To highlight its Classic department, Mercedes decided to go racing — slowly. In a vast Fintail…
The idea was simple and came from the mind of Michael Bock, head of Mercedes-Benz’s Classic department and as such the man in charge of the most important single-marque collection of cars there is. He wants more people with old Mercedes racing cars to use them and believing actions to speak louder than words, he determined to practice what he preached. The plan was to enter a racing Mercedes saloon into the FHR series of European endurance races in 2012, each time pairing a stellar Mercedes professional racing driver with a journalist. But the car was ready before the end of the 2011 season so it was decided its first outing would be at the last race of the year, at the Nürburgring. Step forward K Ludwig and, very much to his surprise, A Frankel.
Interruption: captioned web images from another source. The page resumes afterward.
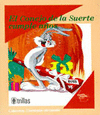 EL CONEJO DE LA SUERTE CUMPLE A�OS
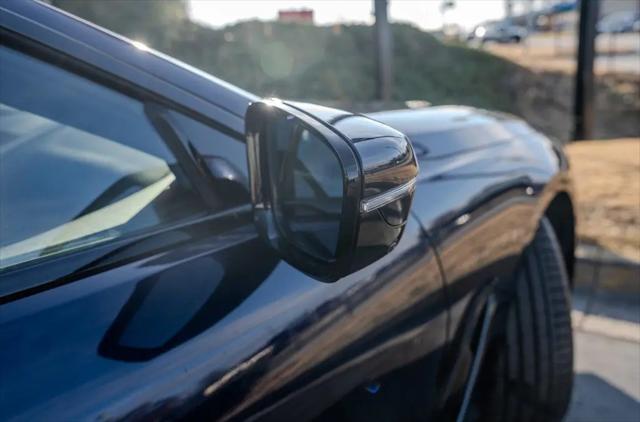 2022 BMW M8 xDrive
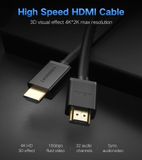 UGreen 10111- HDMI Cable Dài 15M Support 4K*30Hz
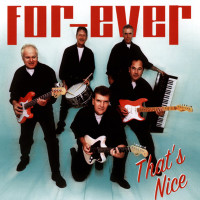 Vorschau: That's Nice (CD) Vorschau: That's Nice (CD)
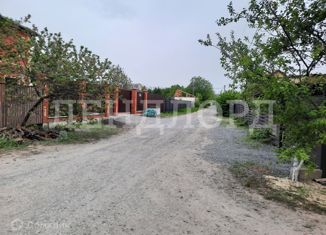 Продажа земельного участка, 5.07 сот., садоводческое товарищество Виноград, Ненаглядная улица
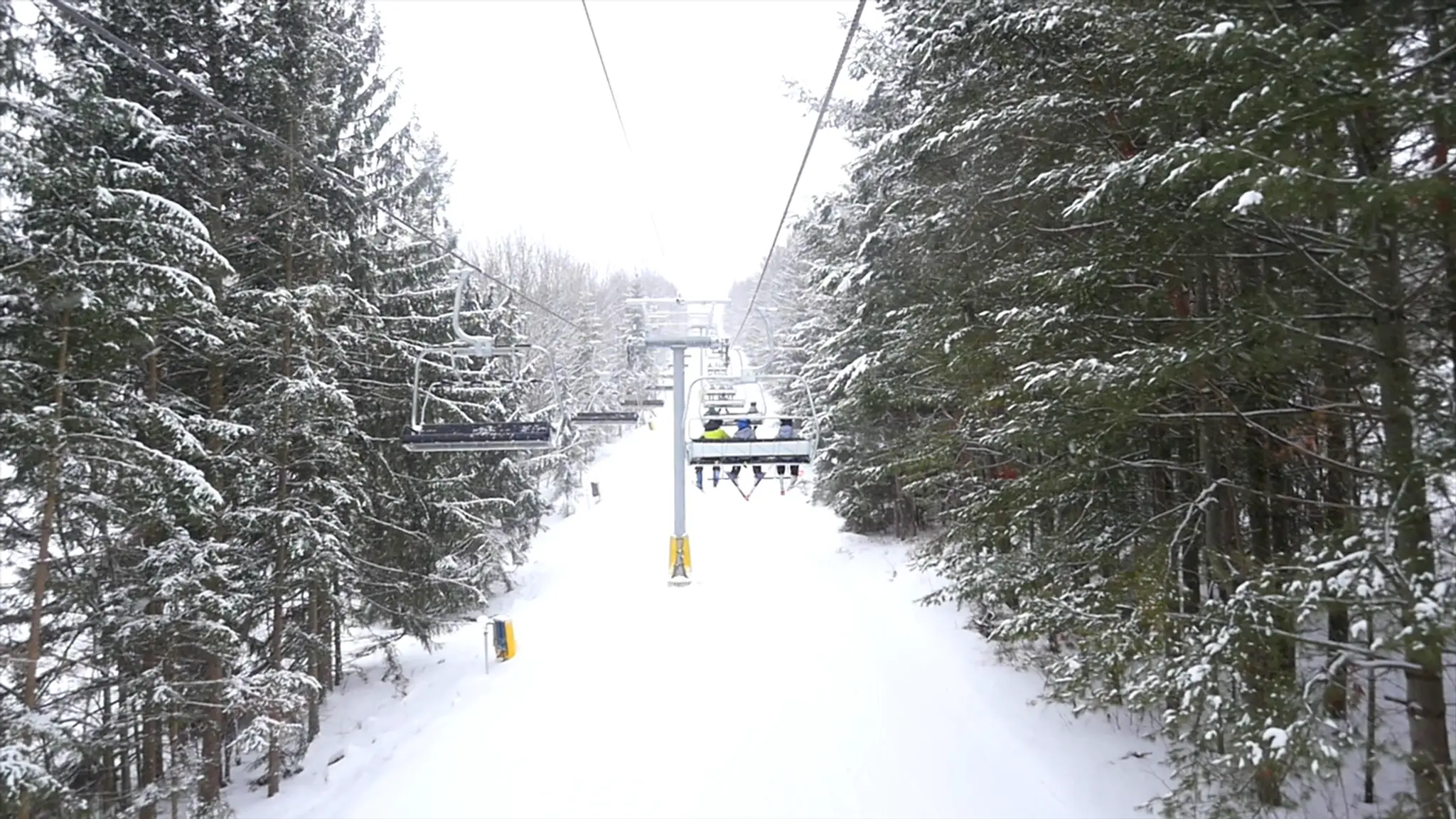 Beaver Valley Ski Club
The weapon du choix is a ‘Fintail’ 1963 220SE. I’d presumed that, being a factory car, it would contain every legal trick in the book, but nothing could be further from the truth. The last thing Mercedes wants is to turn up with a skunk works car and blow everyone into the weeds. Its approach, from the van in the car park to the car on the track, is delightfully modest and low-key. The Fintail is stripped out, has stiffer springs, race pads and a control Dunlop race tyre but otherwise is near enough completely standard. And that includes the 2.2-litre fuel injected engine which was rebuilt and carefully balanced, but still only produces 138bhp, just 20 more than when it was new. All Mercedes did not hold back on was safety, as a roll cage that would keep King Kong under control bears witness. At 1300kg, the car is just 75kg lighter than standard.
The first problem is that as practice starts, the Nordschleife is reported to be covered in ice. Klaus heads out, does a lap just to make sure the car is qualified, hands the car over to me and laconically confirms that there is indeed ice everywhere the sun has yet to reach. Having not raced at the ‘Ring in eight years,driving a car belonging to Mercedes with Klaus as your team-mate, it was pressure I could do without. My first lap takes almost a quarter of an hour — the fastest Klaus has ever been around the Nordschleife is 6min 19sec.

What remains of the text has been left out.